# Task material:
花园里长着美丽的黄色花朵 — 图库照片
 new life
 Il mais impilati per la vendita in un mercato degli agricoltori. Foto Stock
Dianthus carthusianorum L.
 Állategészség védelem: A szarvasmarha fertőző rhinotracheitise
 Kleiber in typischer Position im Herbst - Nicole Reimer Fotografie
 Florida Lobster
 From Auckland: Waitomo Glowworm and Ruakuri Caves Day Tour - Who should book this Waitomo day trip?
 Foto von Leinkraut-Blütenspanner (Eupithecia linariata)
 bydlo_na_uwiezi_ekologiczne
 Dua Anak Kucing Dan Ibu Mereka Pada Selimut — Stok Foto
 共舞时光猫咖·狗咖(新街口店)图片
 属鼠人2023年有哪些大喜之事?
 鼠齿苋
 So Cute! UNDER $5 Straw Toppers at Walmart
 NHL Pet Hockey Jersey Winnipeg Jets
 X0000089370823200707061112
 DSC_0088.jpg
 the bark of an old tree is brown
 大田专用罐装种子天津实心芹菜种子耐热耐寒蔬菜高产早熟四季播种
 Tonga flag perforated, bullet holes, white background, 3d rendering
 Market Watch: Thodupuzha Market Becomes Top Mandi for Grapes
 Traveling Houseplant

# Work item:
Set down only the lines from the line with "X0000089370823200707061112" through the last line of the data above, keeping both the first and the last.

# Written answer:
 X0000089370823200707061112
 DSC_0088.jpg
 the bark of an old tree is brown
 大田专用罐装种子天津实心芹菜种子耐热耐寒蔬菜高产早熟四季播种
 Tonga flag perforated, bullet holes, white background, 3d rendering
 Market Watch: Thodupuzha Market Becomes Top Mandi for Grapes
 Traveling Houseplant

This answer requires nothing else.